How to Get Metformin in North Carolina

At a glance
- Drug / metformin (biguanide oral antihyperglycemic)
- Prescription required / yes, in North Carolina
- Telehealth prescribing allowed / yes, under NC telehealth law
- Who can prescribe / MD, DO, NP (collaborative or independent), PA
- Key pre-prescription lab / serum creatinine or eGFR (CMP or BMP)
- Typical starting dose / 500 mg twice daily with meals
- NC Medicaid coverage / covered for type 2 diabetes; not covered for prediabetes-only indication
- 503A compounding / licensed NC 503A pharmacies may compound metformin
- Average retail cash price / $4, $10/month for 500 to 1000 mg tablets at major chains
- Estimated time to first fill / 24 to 72 hours via telehealth
What Metformin Is and Why Physicians Prescribe It in NC
Metformin is a biguanide that lowers hepatic glucose output and improves peripheral insulin sensitivity. It has been first-line therapy for type 2 diabetes in US clinical guidelines since the late 1990s, and it remains the most commonly prescribed oral antidiabetic drug in North Carolina and across the United States. The FDA approved metformin (Glucophage) for type 2 diabetes in adults in 1994 and extended the indication to pediatric patients aged 10 and older in 2000. [1]
UKPDS 34 (N=1,704 overweight patients with newly diagnosed type 2 diabetes) demonstrated that metformin reduced diabetes-related endpoints by 32% and all-cause mortality by 36% compared with conventional diet therapy over a median follow-up of 10.7 years. [2] That landmark trial established the evidence base that has kept metformin in first-line position across every major American guideline update since.

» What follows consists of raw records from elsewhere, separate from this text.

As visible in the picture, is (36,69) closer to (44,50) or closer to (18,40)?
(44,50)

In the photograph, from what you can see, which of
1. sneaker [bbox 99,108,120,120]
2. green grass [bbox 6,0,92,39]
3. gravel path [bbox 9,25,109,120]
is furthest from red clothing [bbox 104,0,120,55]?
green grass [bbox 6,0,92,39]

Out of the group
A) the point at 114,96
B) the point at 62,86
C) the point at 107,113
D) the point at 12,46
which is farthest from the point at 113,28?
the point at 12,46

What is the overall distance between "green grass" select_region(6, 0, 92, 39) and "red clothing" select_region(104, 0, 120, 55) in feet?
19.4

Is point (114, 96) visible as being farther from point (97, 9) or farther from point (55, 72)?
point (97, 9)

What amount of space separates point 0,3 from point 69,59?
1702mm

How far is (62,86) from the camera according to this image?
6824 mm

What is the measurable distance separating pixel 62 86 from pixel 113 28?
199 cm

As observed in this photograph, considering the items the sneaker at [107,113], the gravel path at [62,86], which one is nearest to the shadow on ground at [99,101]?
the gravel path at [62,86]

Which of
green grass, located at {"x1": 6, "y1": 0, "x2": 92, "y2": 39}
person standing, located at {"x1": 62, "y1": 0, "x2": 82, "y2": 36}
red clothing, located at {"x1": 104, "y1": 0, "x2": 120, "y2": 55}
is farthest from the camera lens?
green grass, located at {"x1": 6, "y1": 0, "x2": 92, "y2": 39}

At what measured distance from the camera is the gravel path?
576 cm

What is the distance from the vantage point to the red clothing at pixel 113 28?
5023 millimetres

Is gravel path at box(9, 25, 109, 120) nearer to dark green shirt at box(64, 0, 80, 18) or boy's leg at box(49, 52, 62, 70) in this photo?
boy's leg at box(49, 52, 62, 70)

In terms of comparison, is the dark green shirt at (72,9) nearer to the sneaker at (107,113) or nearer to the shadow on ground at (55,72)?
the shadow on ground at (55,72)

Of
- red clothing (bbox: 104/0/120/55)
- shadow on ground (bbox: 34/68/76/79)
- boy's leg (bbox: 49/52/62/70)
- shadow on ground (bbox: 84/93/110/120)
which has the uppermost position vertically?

The American Diabetes Association 2024 Standards of Care state: "Metformin remains the preferred initial pharmacologic agent for the treatment of type 2 diabetes." [3] North Carolina clinicians prescribe it for type 2 diabetes, prediabetes (off-label, supported by the Diabetes Prevention Program), polycystic ovary syndrome, and, increasingly, longevity-adjacent off-label uses such as metabolic aging. [4]

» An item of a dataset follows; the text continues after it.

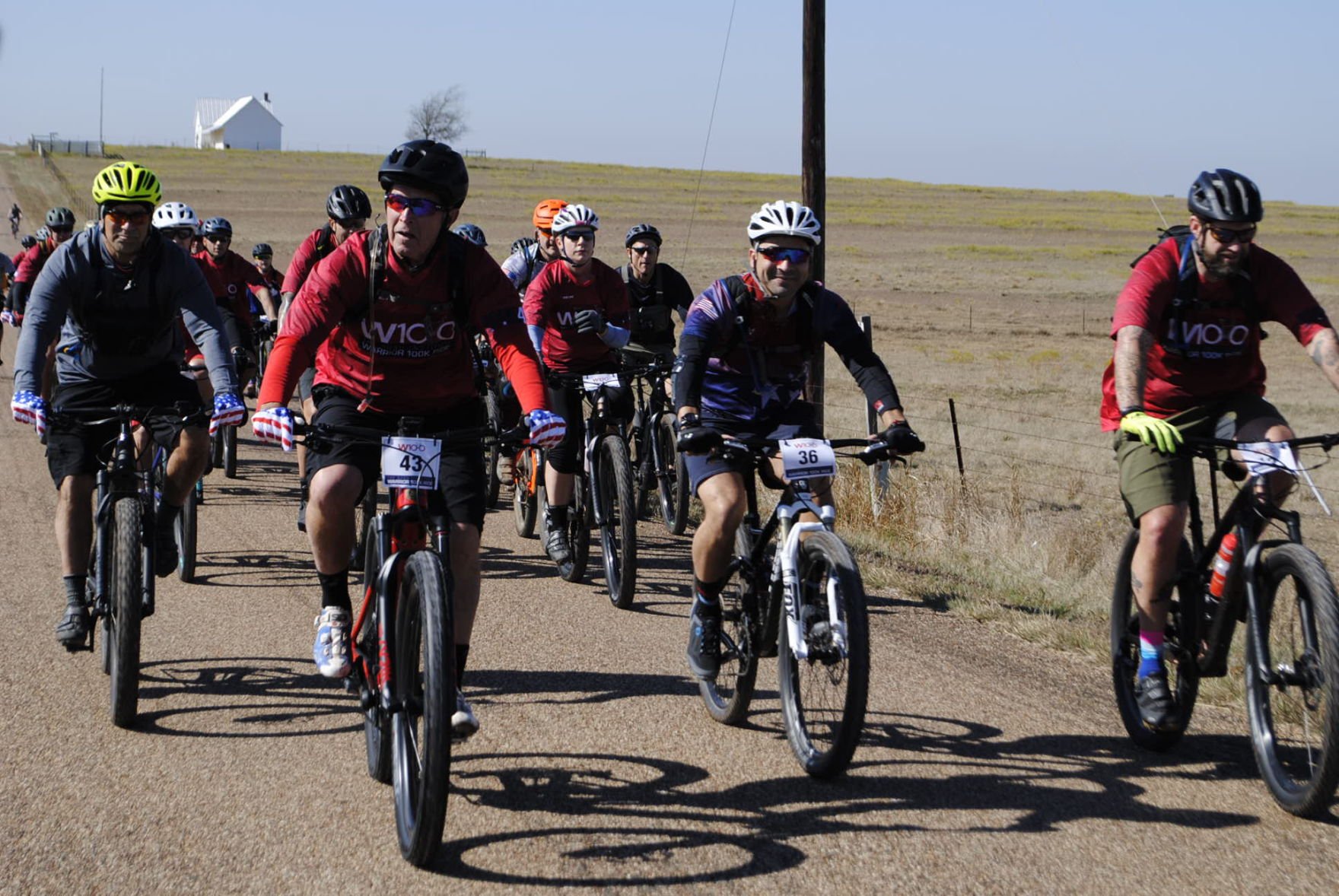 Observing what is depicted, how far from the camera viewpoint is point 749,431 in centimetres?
596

Metformin's safety profile makes it one of the few medications where the risk-benefit calculation changes mainly with kidney function rather than cardiovascular history. The FDA revised its eGFR-based contraindication guidance in 2016: metformin is now contraindicated only when eGFR falls below 30 mL/min/1.73 m², and dose reduction is recommended when eGFR drops below 45. [1] That single lab value drives most of the pre-prescription workup in NC.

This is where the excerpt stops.